Despite that ordeal I still had a strong desire to push myself into something uncomfortable like, say, boxing. I took a couple classes at a Foxy Boxing CrossFit gym with a ridiculously built trainer who walked me through some basic pad work. He led kitten-arm through the motions for $90 an hour, but wasn't much of a motivator. I liked it, but it was clear that I was too wimpy and winded to get any real benefit so I stopped wasting money until I regained my cardio strength.

I still wanted to box, though. In the spring of 2017 I was less than two years sober, just barely resurfacing after the Hogan mess, and yet I was about to be a first-time father responsible for a teeny-tiny human in a couple months.
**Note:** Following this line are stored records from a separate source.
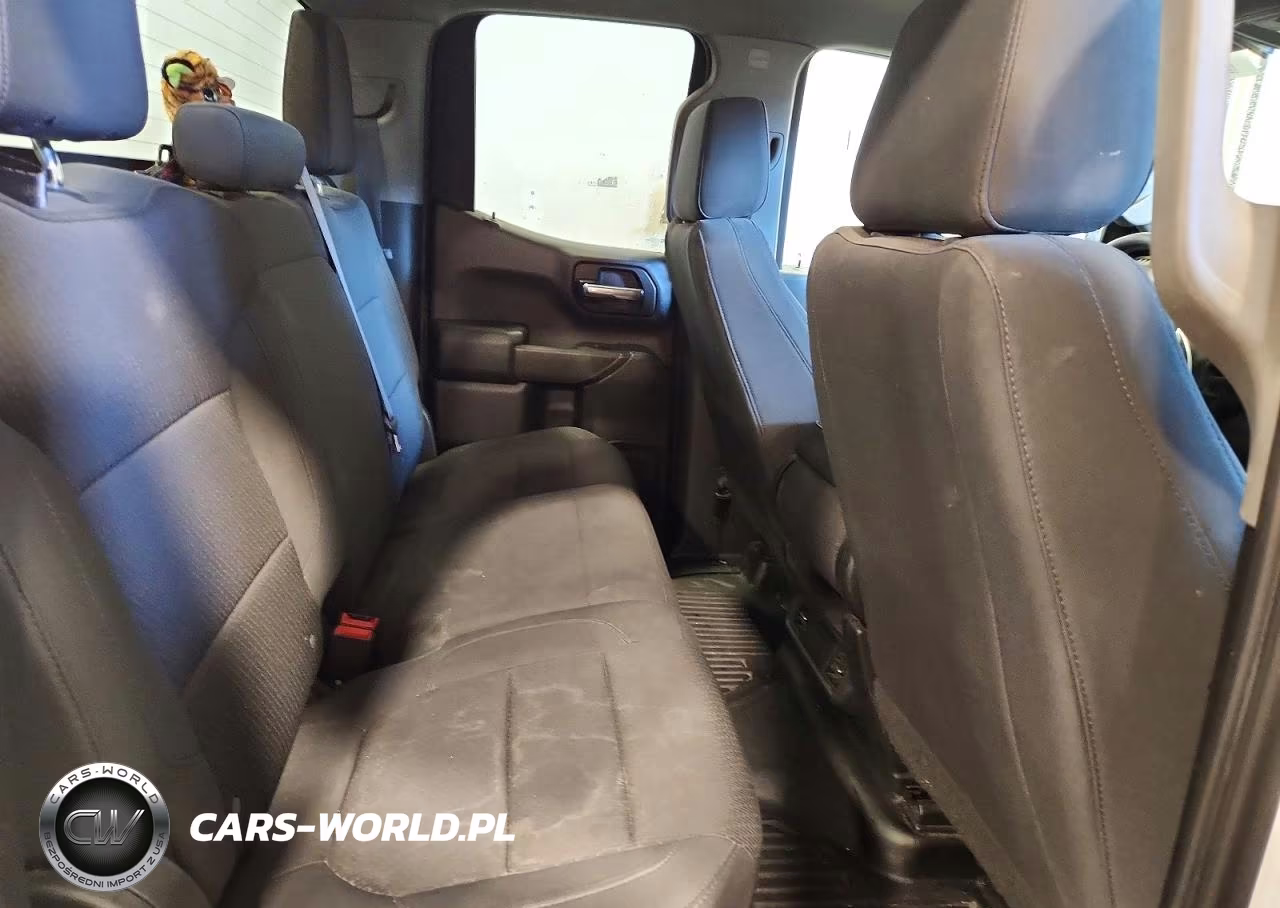 2020 Chevrolet Silverado K1500 VIN:1GCRYAEHXLZ350207 - 10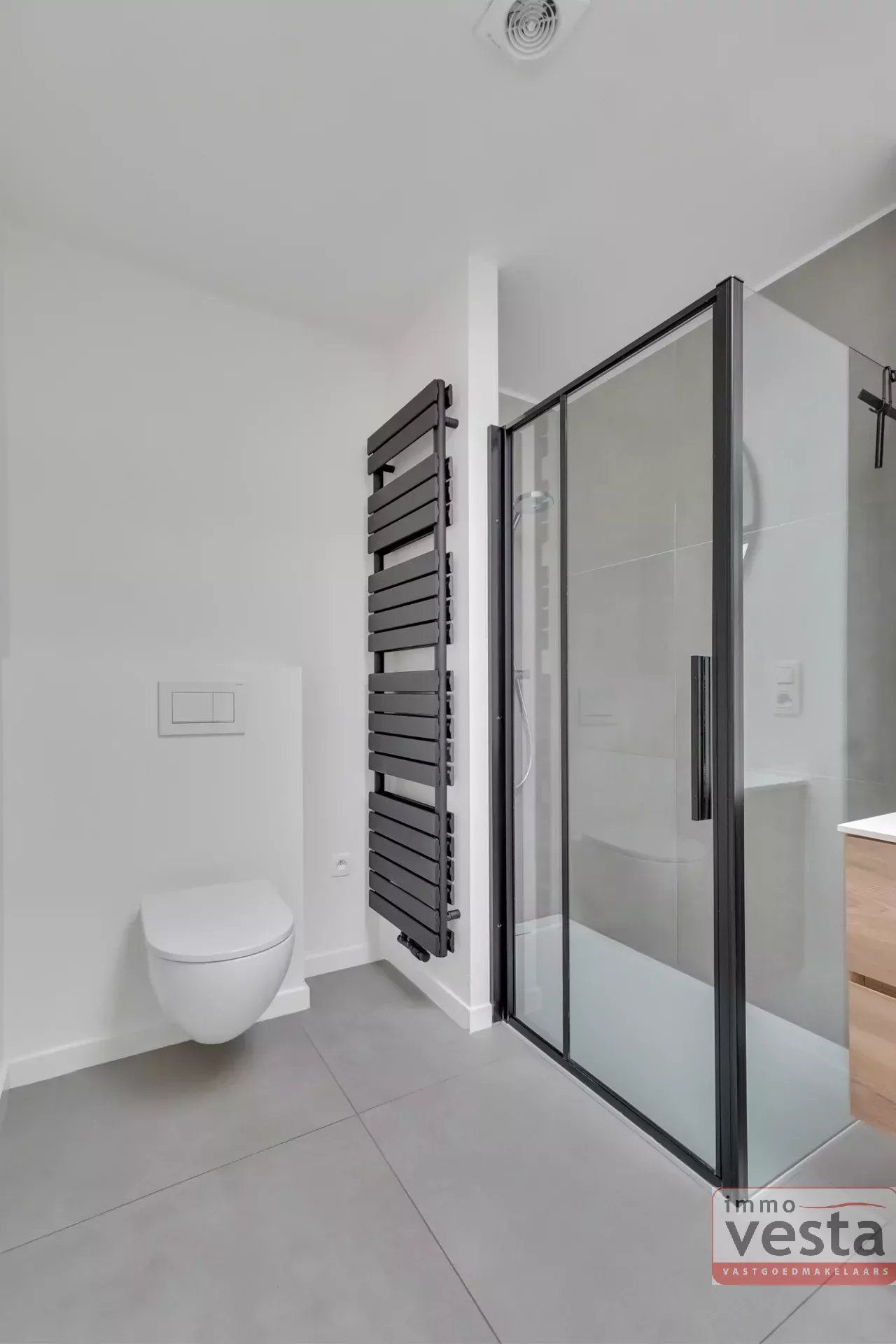 Gerenoveerde rijwoning nabij centrum foto 15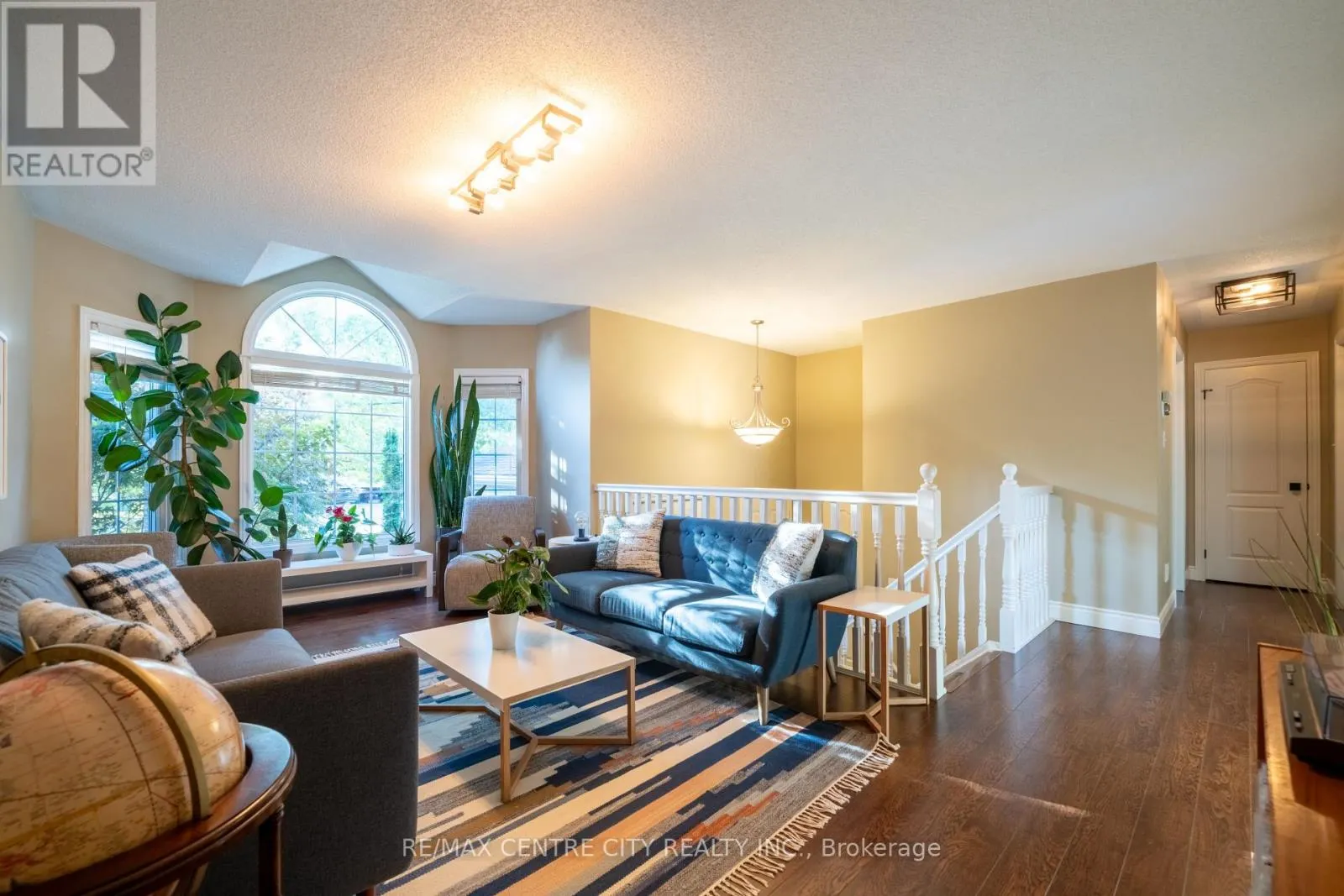 495 RIVERVIEW DRIVE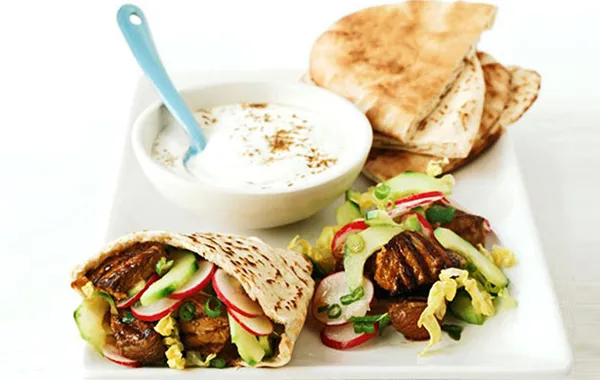 Sốt mayonnaise bánh mì có độ sánh mịn hoàn hảo được làm thủ công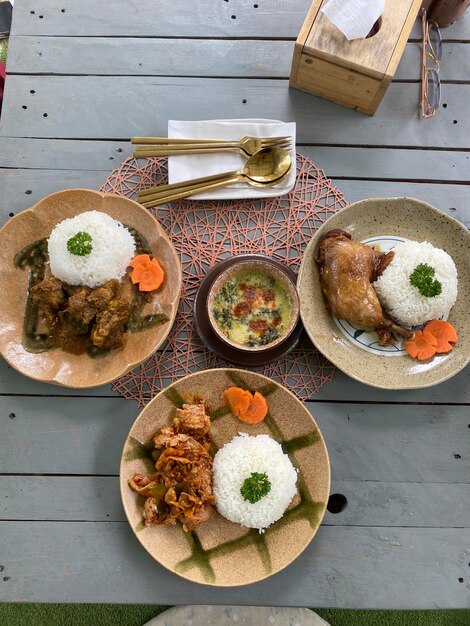 Foto vista en ángulo alto de la comida en la mesa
Rational first-time father fears aside, I was mostly consumed by an irrational fear of not being able to protect my family if they were attacked. What if I were pushing my son in a stroller and a deranged person tried to steal him? What if our home were invaded by hammer-wielding marauders?

I'd been in a couple fights when I was younger, mostly wild teenage swings during intramural football brawls. I'd also had one minor, hmm, let's call it a "tussle," with a dude on the back of the school bus. All no decisions.

I've definitely been beat up a couple times, though. One time in junior high I got walloped in the face for talking shit about an older, bigger kid in the middle of health class. I got jumped once when I was 18 in the Village while visiting my friend in NYU. Then, when I was 22 I got into a wrong-place/wrong-time situation and had my orbital socket broken and my tooth chipped after a bar fight spilled outside. I thought of all this right up until and after the time my son was born, panicked and humiliated all over again by these awful memories. I'm worthless and afraid.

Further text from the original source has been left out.